**Data records:**
= = =
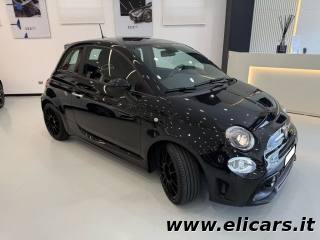ABARTH 595 usata, con Airbag Passeggero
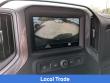 2022 Chevrolet Silverado 1500 LTD Custom Crew Cab Short Bed Truck
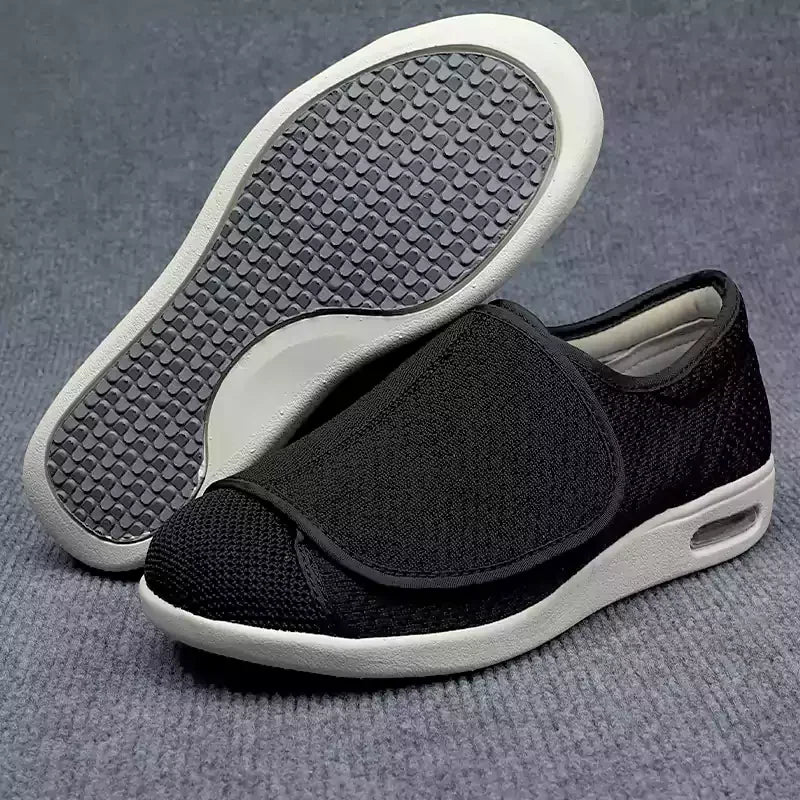 Wanda Orthopedic Shoes | Velcro closure, Comfortable and Stylish 5
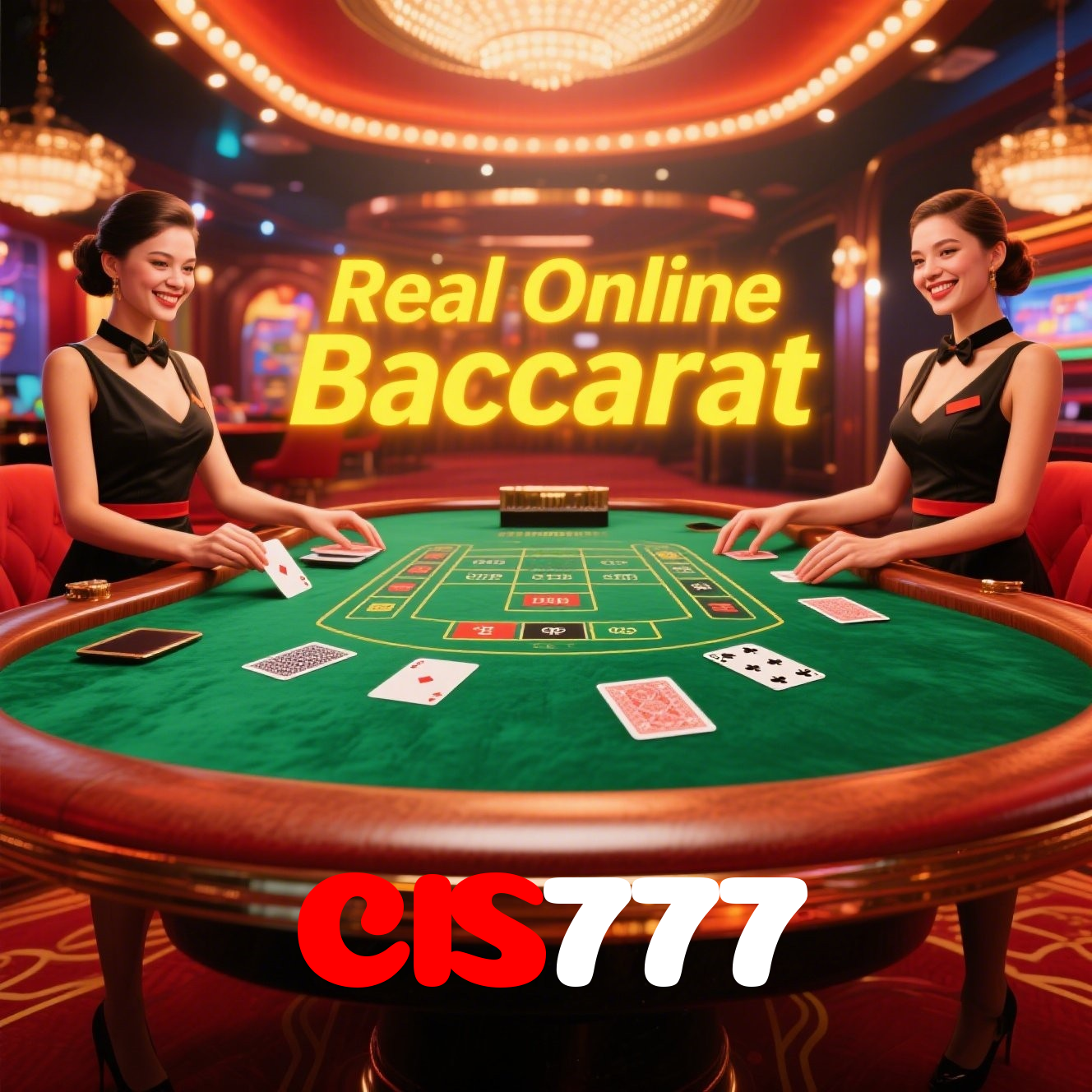 CIS777:O cassino online mais seguro te espera para grandes vitórias!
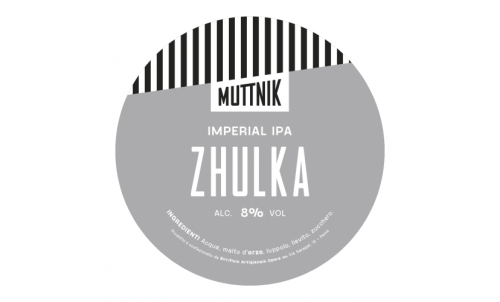 Zhulka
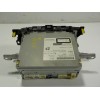 Recambio de sistema audio / radio cd para toyota yaris 1.0 cat referencia OEM IAM 861200D640 861200D640 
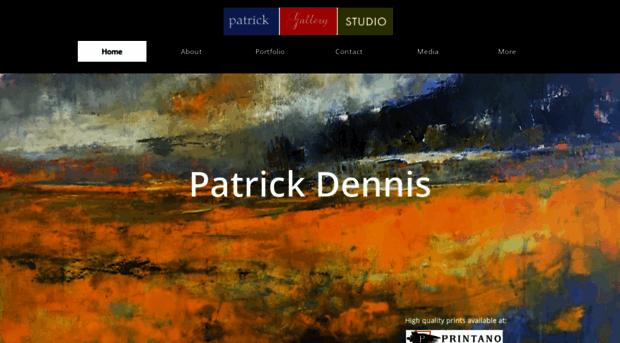 patrickgallery.com
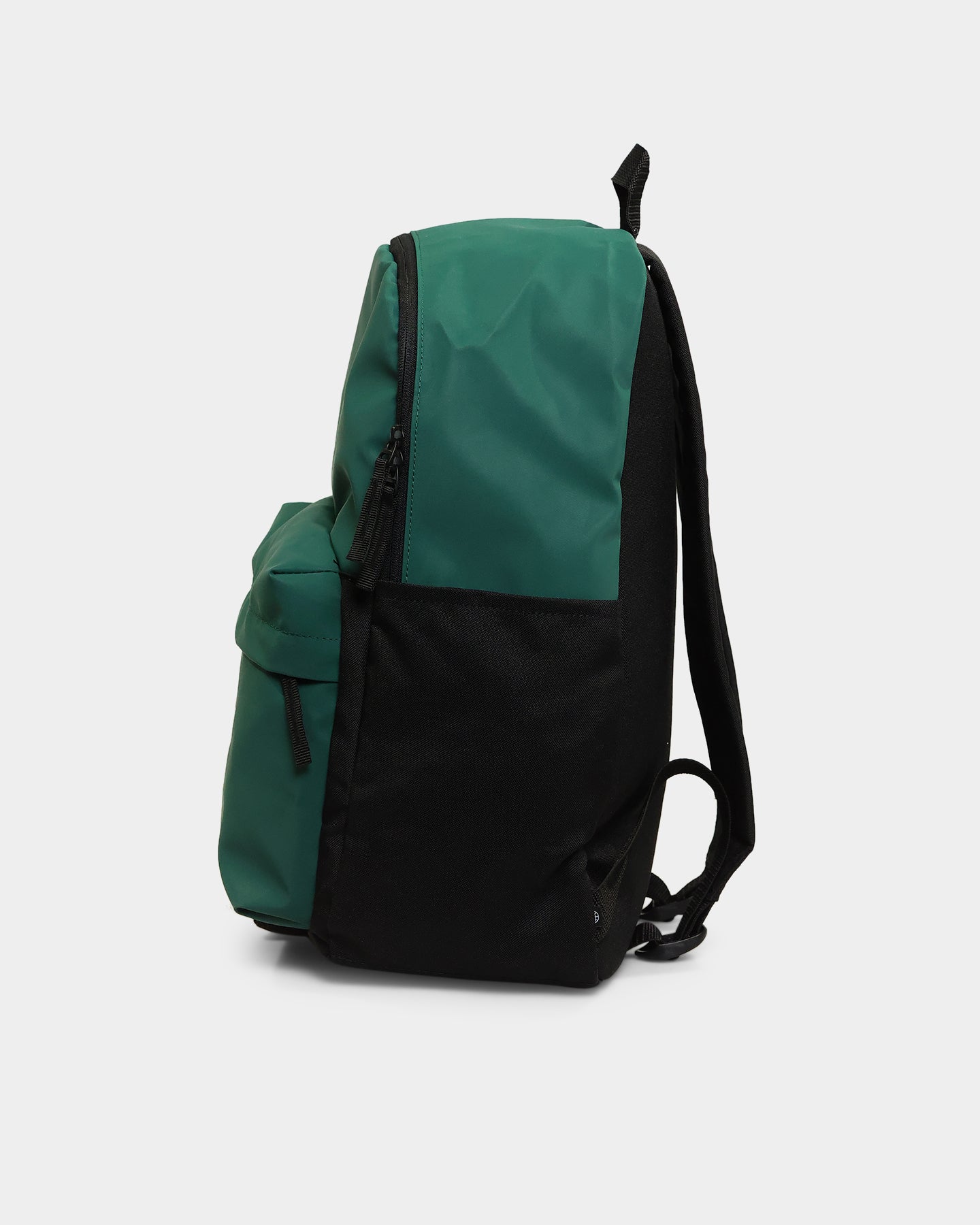 Adidas Adicolor Archive Backpack - Green School Backpack for Men & Women, Durable Laptop Bag for College, Travel & Work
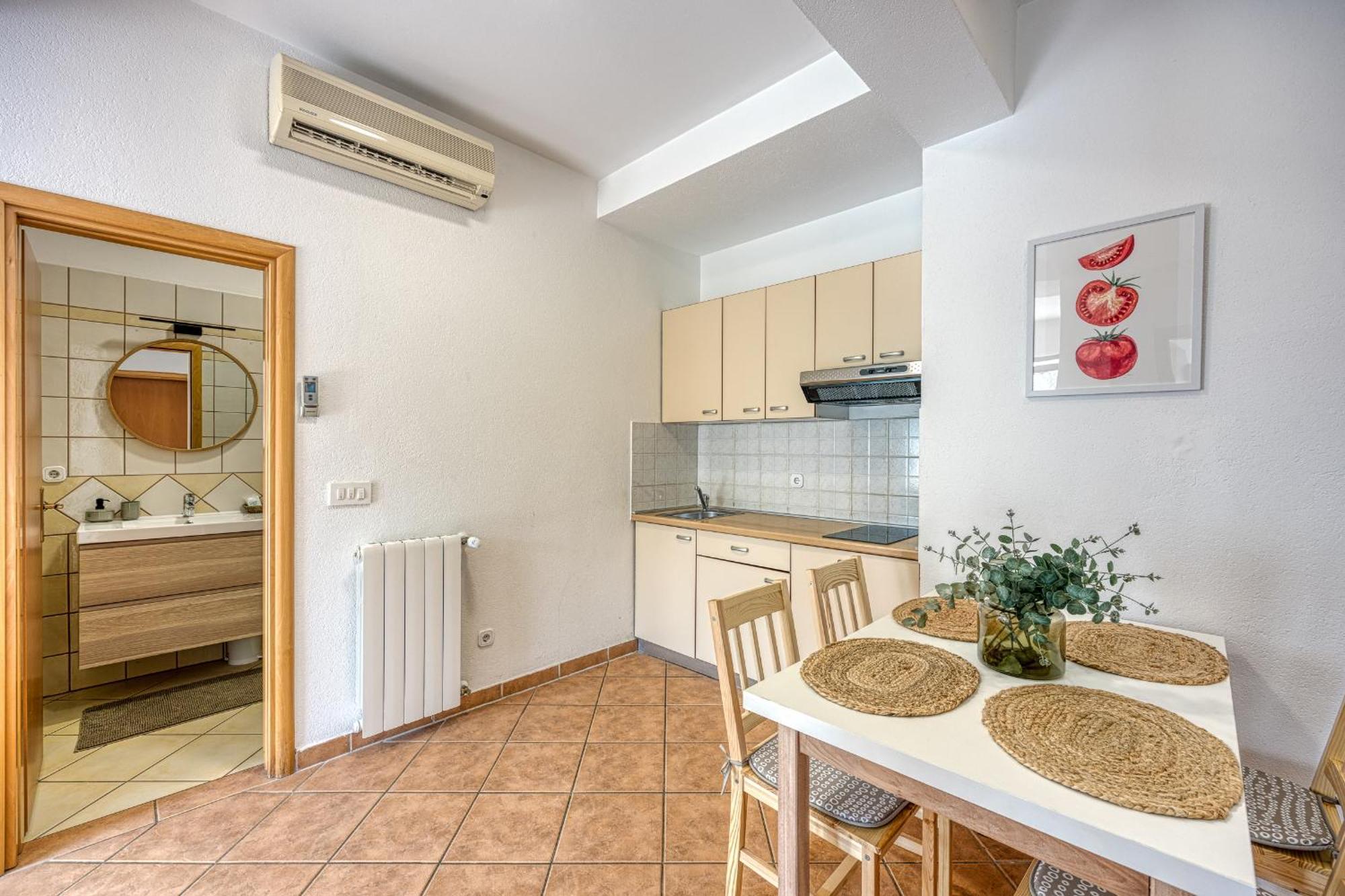 Casa Mareva Hotel Porec Phòng bức ảnh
= = =
**Your objective:** Nothing but the pictures should be left out when the listing is repeated exactly.

**Result of this exercise:**
ABARTH 595 usata, con Airbag Passeggero
 2022 Chevrolet Silverado 1500 LTD Custom Crew Cab Short Bed Truck
 Wanda Orthopedic Shoes | Velcro closure, Comfortable and Stylish 5
 CIS777:O cassino online mais seguro te espera para grandes vitórias!
 Zhulka
 Recambio de sistema audio / radio cd para toyota yaris 1.0 cat referencia OEM IAM 861200D640 861200D640 
 patrickgallery.com
 Adidas Adicolor Archive Backpack - Green School Backpack for Men & Women, Durable Laptop Bag for College, Travel & Work
 Casa Mareva Hotel Porec Phòng bức ảnh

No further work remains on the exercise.